Mark Wall was carrying condoms in his pocket when he arrived at a city train station to have an illegal liaison with a 13-year-old girl.
Newcastle Crown Court heard Wall thought he had been chatting to the youngster over the internet last February.
But in reality he had been snared by Dark Justice, an undercover organisation that aims to expose adults looking for illegal contact with children online.
Paedophile hunters caught Mark Wall, 31, at Newcastle Central Station where he thought he was meeting a 13-year-old girl for sex
The court heard Wall had sent a explicit picture to the profile he thought was the girl and made illicit suggestions.
He asked if the teen ‘wanted to have sex’ and discussed ‘where they would meet to have sex’.
When Wall arrived at Newcastle Central Station to meet the teenager, he was met by a member of Dark Justice.
Prosecutor Michael Bunch told the court: ‘He describes the defendant just standing there, he didn’t try to make off or resist, he stood and waited.
‘He said he had made a mistake and he would not have done anything. Officers arrived and arrested the defendant.’
Wall, of North Shields, North Tyneside, pleaded guilty to attempting to meet a child following sexual grooming.
Mr Bunch added: ‘Communication indicates sexual activity was intended. There was a number of postings to that effect.’

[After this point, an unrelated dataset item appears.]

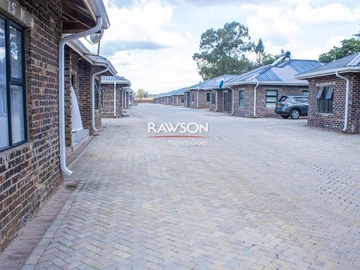3 Bedroom Townhouse Complex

Recorder Eric Elliott QC sentenced Wall to 16 months imprisonment, suspended for two years, with programme requirements and sex offender treatment.

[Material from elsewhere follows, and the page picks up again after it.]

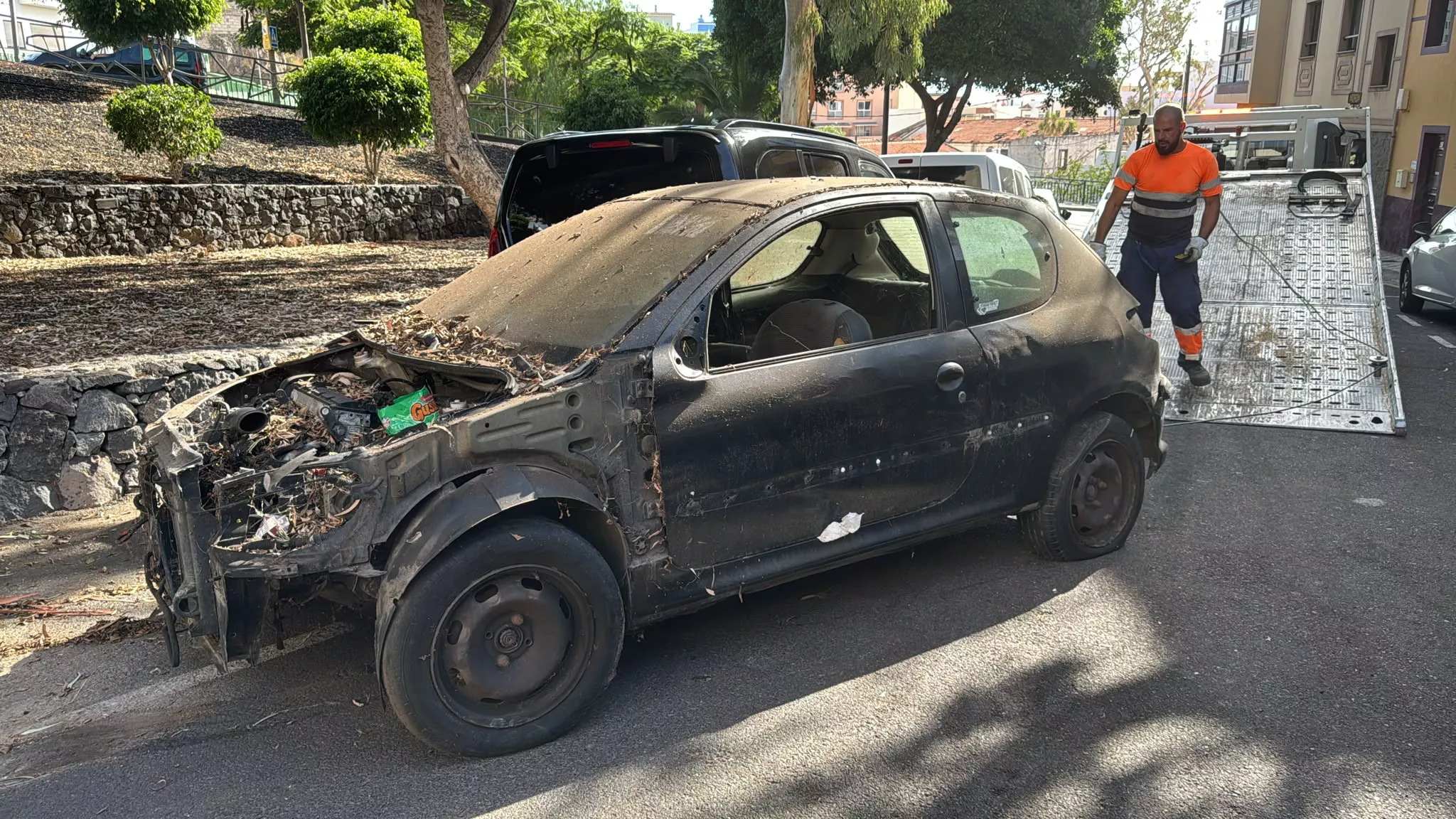 Coche abandonado en Candelaria. / AYUNTAMIENTO DE CANDELARIA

Wall, from North Shields, North Tyneside, even had condoms in his pockets when Dark Justice members caught him. He was sentenced to 16 months in jail suspended for two years after the court heard he was a ‘lonely, sad individual’
Wall must sign the sex offenders register and abide by a Sexual Harm Prevention Order for ten years.

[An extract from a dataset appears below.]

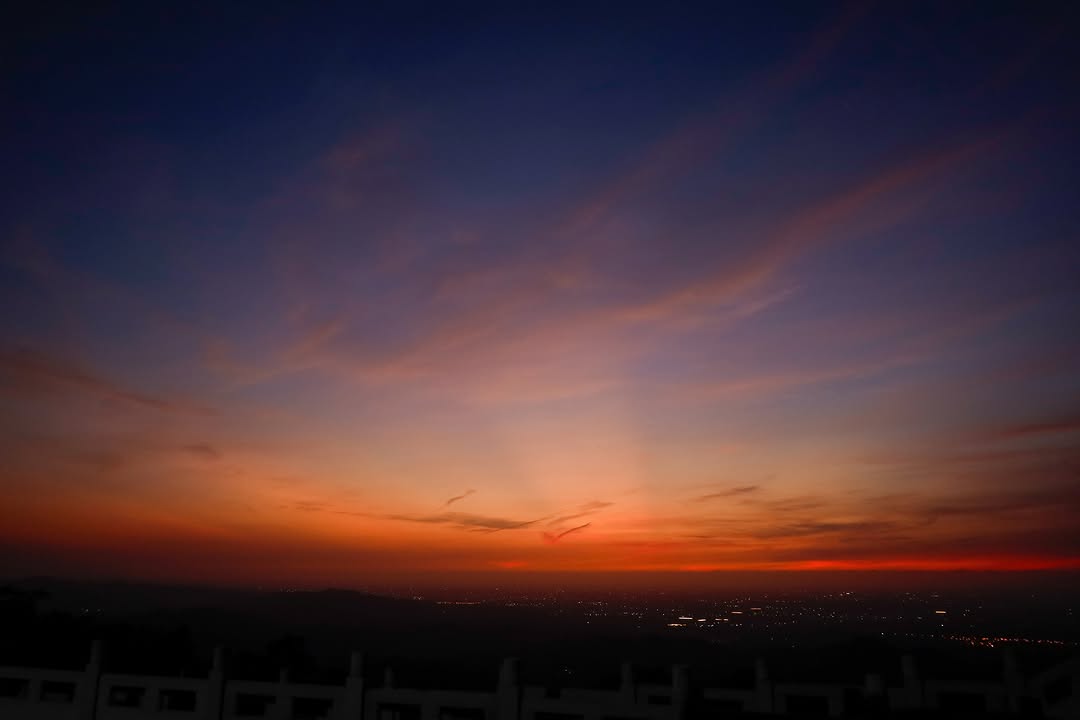  大家看到夕陽會想到什麼呢？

The judge told him: ‘It is not only in your interest but, of course, in the public interest that you not be sent to prison today and rather a sentence be imposed which attempts to continue to put you on the right track.’
The judge said Wall had not realised the seriousness of his behaviour at the time due to his ‘inadequacies’ and added: ‘Full realisation of what you have done has come home to you.’
Christopher Knox, defending, said Wall is a ‘lonely, sad individual’ and told the judge: ‘I would invite you to think everyone would be better protected if he had the benefit of probation care’.